Interview with Co-founder, Amagi

Baskar Subramanian

Baskar Subramanian

Sangeeta Tanwar
Geotargeting-led businesses are highly scalable because brands are no longer targeting a universal lead, Baskar Subramanian, co-founder of targeted advertising platform Amagi, tells Sangeeta Tanwar

Geotargeting may not be an entirely new concept, but it is not widely understood. What does a geo-targetting platform bring to advertisers and marketers?

We largely enable advertisers and brands to target specific regions of interest with communication messages. We work with TV channels, buy inventory from them and then beam it through satellite. By splitting the beam, Amagi offers different advertising options in different regions. This way we are able to bring in huge targeted efficiencies for brands which have been lacking from television. India is a diverse market and Indians are very different from each other in terms of our habit, cultural leanings and behaviour as consumers. This diversity poses a big challenge to fast moving consumer goods companies in terms of reaching out to their target audience with the right product accompanied with an apt communication message. We essentially provide such marketers with tools to create communication and brands that are specific to that market. That's the core of what we do in India.
 
As regards to our international business, we are leveraging that technology-based footprint for geo-targeted advertising as well as content targeting. What that essentially means is that you could have a TV channel that covers all of Europe but you could still have the option of broadcasting it in Poland or Turkey alone. So instead of creating (beaming) a new TV channel, by splitting the satellite beam we can create different channels in different locations basis specific content. Internationally, Amagi has created a cloud infrastructure where the content is pushed into cloud which is subsequently delivered to different regions.

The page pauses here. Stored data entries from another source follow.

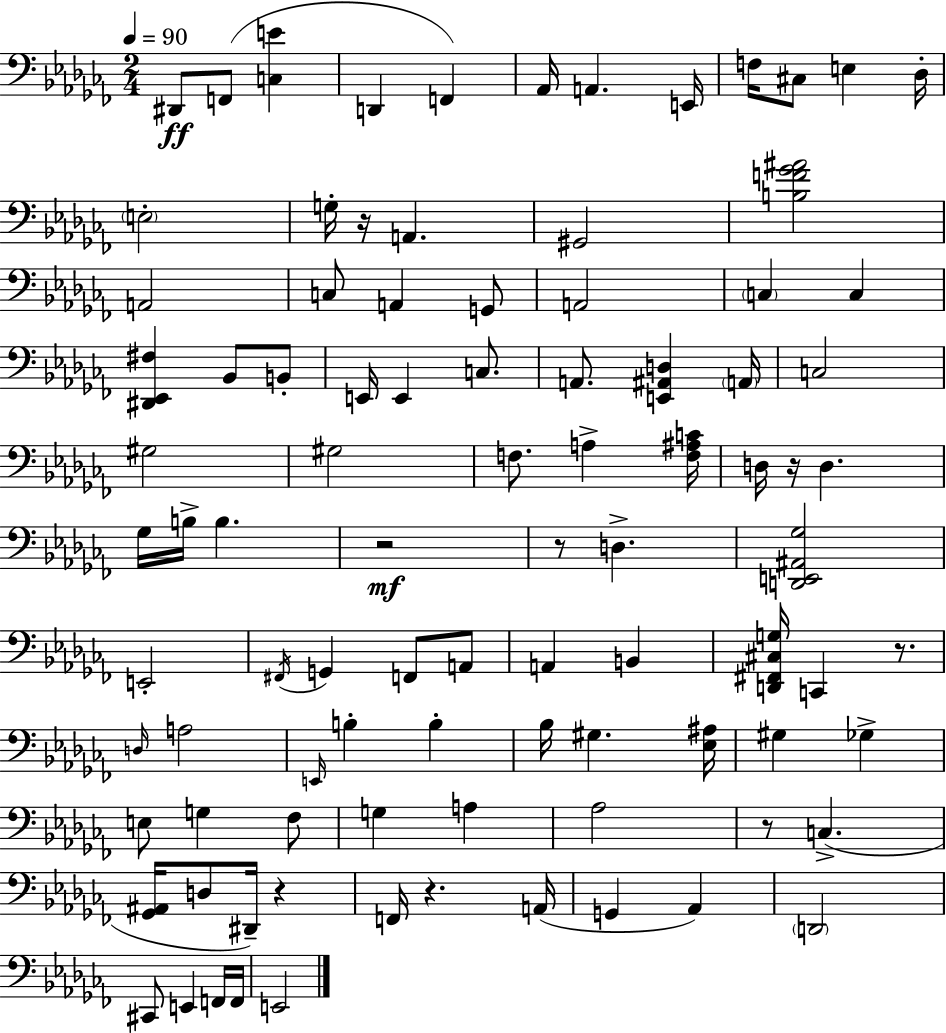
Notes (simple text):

D#2/e F2/e [C3,E4]/q D2/q F2/q Ab2/s A2/q. E2/s F3/s C#3/e E3/q Db3/s E3/h G3/s R/s A2/q. G#2/h [B3,F4,Gb4,A#4]/h A2/h C3/e A2/q G2/e A2/h C3/q C3/q [D#2,Eb2,F#3]/q Bb2/e B2/e E2/s E2/q C3/e. A2/e. [E2,A#2,D3]/q A2/s C3/h G#3/h G#3/h F3/e. A3/q [F3,A#3,C4]/s D3/s R/s D3/q. Gb3/s B3/s B3/q. R/h R/e D3/q. [D2,E2,A#2,Gb3]/h E2/h F#2/s G2/q F2/e A2/e A2/q B2/q [D2,F#2,C#3,G3]/s C2/q R/e. D3/s A3/h E2/s B3/q B3/q Bb3/s G#3/q. [Eb3,A#3]/s G#3/q Gb3/q E3/e G3/q FES3/e G3/q A3/q Ab3/h R/e C3/q. [Gb2,A#2]/s D3/e D#2/s R/q F2/s R/q. A2/s G2/q Ab2/q D2/h C#2/e E2/q F2/s F2/s E2/h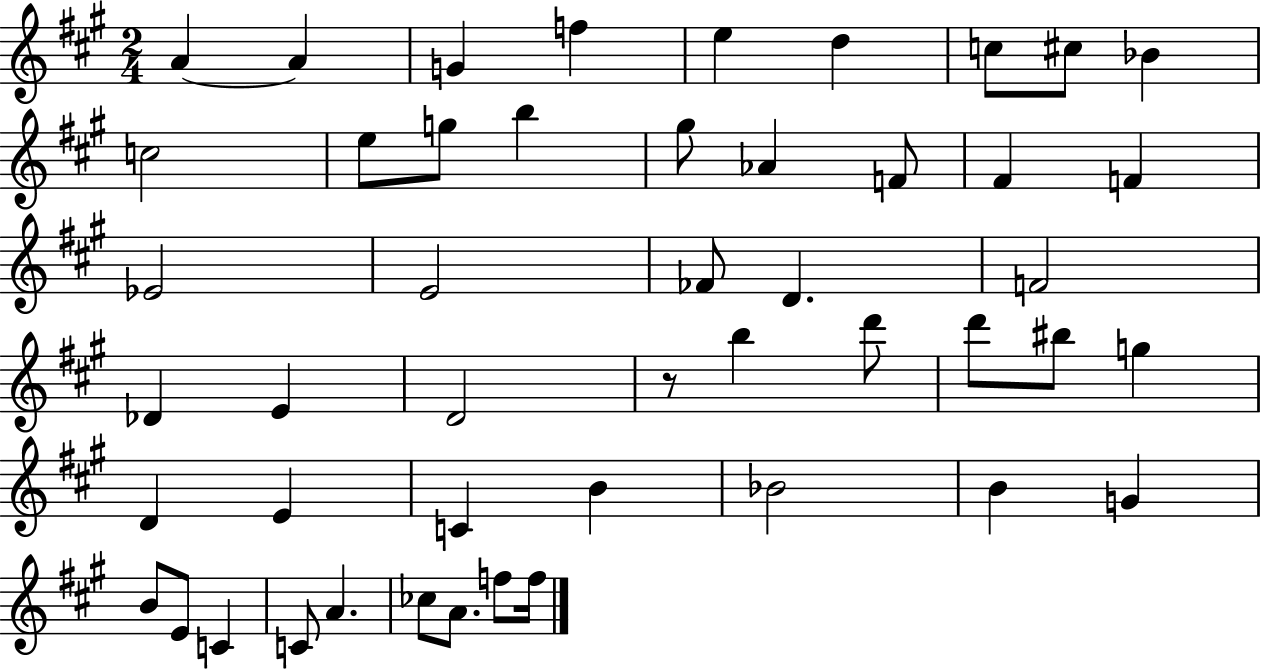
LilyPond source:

{
  \clef treble
  \numericTimeSignature
  \time 2/4
  \key a \major
  \repeat volta 2 { a'4~~ a'4 | g'4 f''4 | e''4 d''4 | c''8 cis''8 bes'4 | \break c''2 | e''8 g''8 b''4 | gis''8 aes'4 f'8 | fis'4 f'4 | \break ees'2 | e'2 | fes'8 d'4. | f'2 | \break des'4 e'4 | d'2 | r8 b''4 d'''8 | d'''8 bis''8 g''4 | \break d'4 e'4 | c'4 b'4 | bes'2 | b'4 g'4 | \break b'8 e'8 c'4 | c'8 a'4. | ces''8 a'8. f''8 f''16 | } \bar "|."
}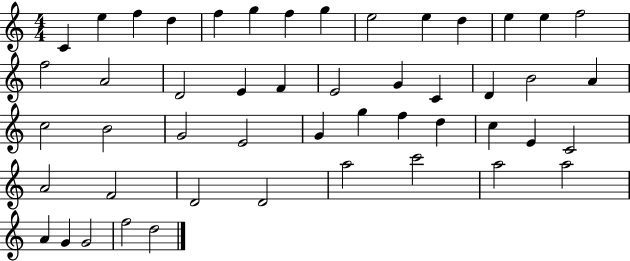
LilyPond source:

{
  \clef treble
  \numericTimeSignature
  \time 4/4
  \key c \major
  c'4 e''4 f''4 d''4 | f''4 g''4 f''4 g''4 | e''2 e''4 d''4 | e''4 e''4 f''2 | \break f''2 a'2 | d'2 e'4 f'4 | e'2 g'4 c'4 | d'4 b'2 a'4 | \break c''2 b'2 | g'2 e'2 | g'4 g''4 f''4 d''4 | c''4 e'4 c'2 | \break a'2 f'2 | d'2 d'2 | a''2 c'''2 | a''2 a''2 | \break a'4 g'4 g'2 | f''2 d''2 | \bar "|."
}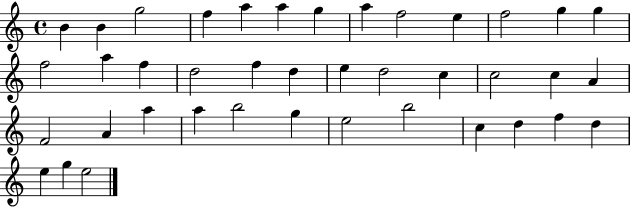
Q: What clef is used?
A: treble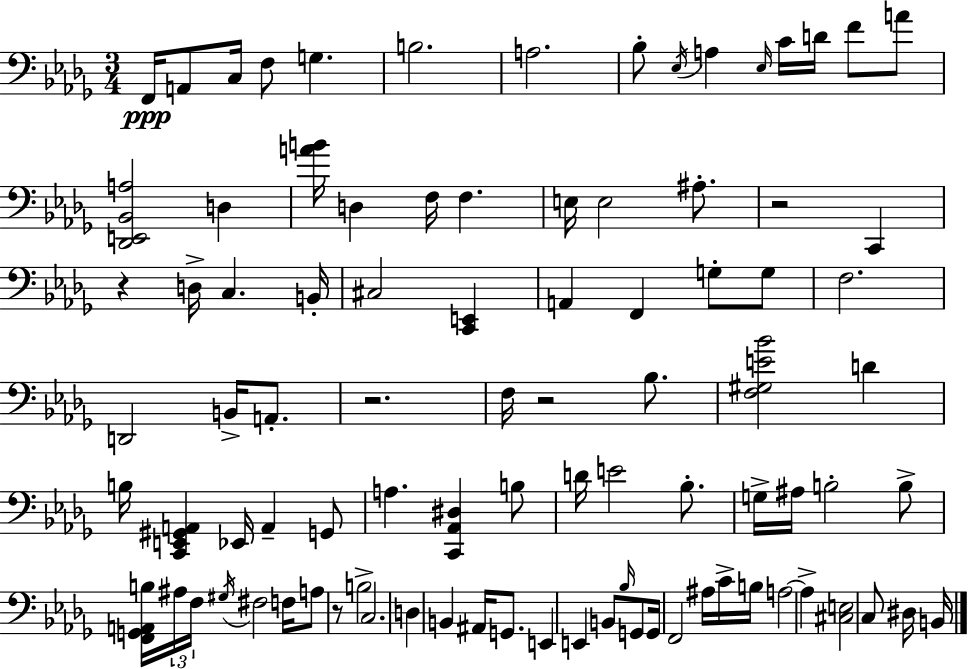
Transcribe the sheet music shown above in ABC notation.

X:1
T:Untitled
M:3/4
L:1/4
K:Bbm
F,,/4 A,,/2 C,/4 F,/2 G, B,2 A,2 _B,/2 _E,/4 A, _E,/4 C/4 D/4 F/2 A/2 [_D,,E,,_B,,A,]2 D, [AB]/4 D, F,/4 F, E,/4 E,2 ^A,/2 z2 C,, z D,/4 C, B,,/4 ^C,2 [C,,E,,] A,, F,, G,/2 G,/2 F,2 D,,2 B,,/4 A,,/2 z2 F,/4 z2 _B,/2 [F,^G,E_B]2 D B,/4 [C,,E,,^G,,A,,] _E,,/4 A,, G,,/2 A, [C,,_A,,^D,] B,/2 D/4 E2 _B,/2 G,/4 ^A,/4 B,2 B,/2 [F,,G,,A,,B,]/4 ^A,/4 F,/4 ^G,/4 ^F,2 F,/4 A,/2 z/2 B,2 C,2 D, B,, ^A,,/4 G,,/2 E,, E,, B,,/2 _B,/4 G,,/2 G,,/4 F,,2 ^A,/4 C/4 B,/4 A,2 A, [^C,E,]2 C,/2 ^D,/4 B,,/4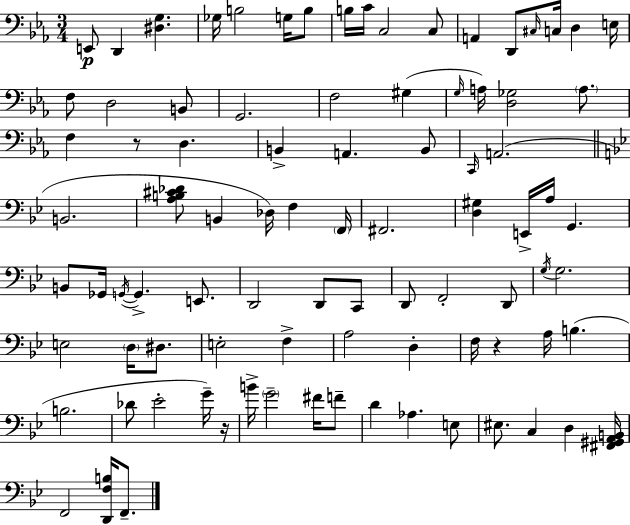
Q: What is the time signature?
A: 3/4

Given your scope of operations, Amagi seems to be an intermediary between the media agency and the broadcaster. Broadcasters look at you as buyers of media whereas agencies and advertisers look at you as broadcasters. What are the challenges with such a dual role?

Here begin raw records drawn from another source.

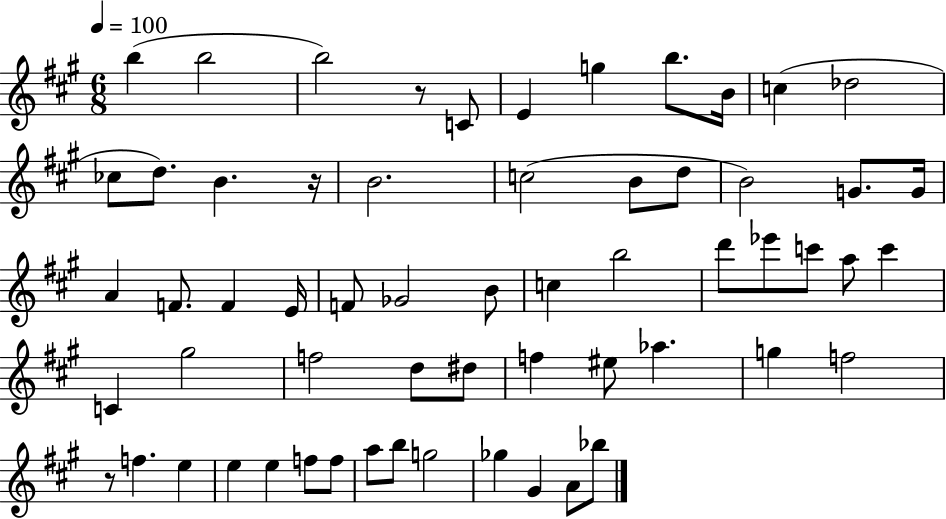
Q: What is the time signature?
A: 6/8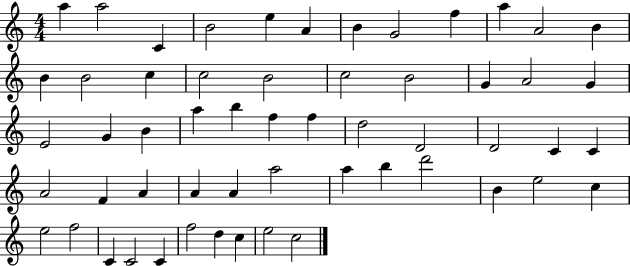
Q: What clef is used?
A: treble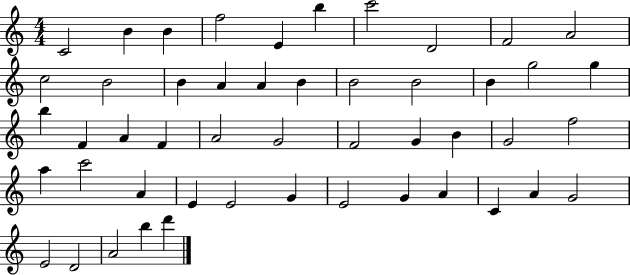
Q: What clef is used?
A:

The television industry never had an intermediary prior to Amagi's debut in the market. Industry folks were comfortable with the standard and familiar set-up of advertisers talking to the agencies and agencies talking to broadcasters. With the entry of Amagi in 2008 as an intermediary initially people did not understand how we were going to impact the entire value chain.

Over the years, people have acquired a clear understanding of the whole value chain and the role that Amagi plays in it. Larger advertisers look at us as an alternative to regional TV channels whereas smaller brands that don't have access to larger media agencies come to us seeking guidance on their brand and media strategy. For smaller brands we strive to understand their marketing needs and translate that into advertising possibility for them. We work very closely with smaller brands. When it comes to broadcasters they consider us as an aggregator of advertisers. We have been able to build a relationship of trust with different industry stakeholders over a period of time and in the process we have addressed the confusion around our role and place in the industry.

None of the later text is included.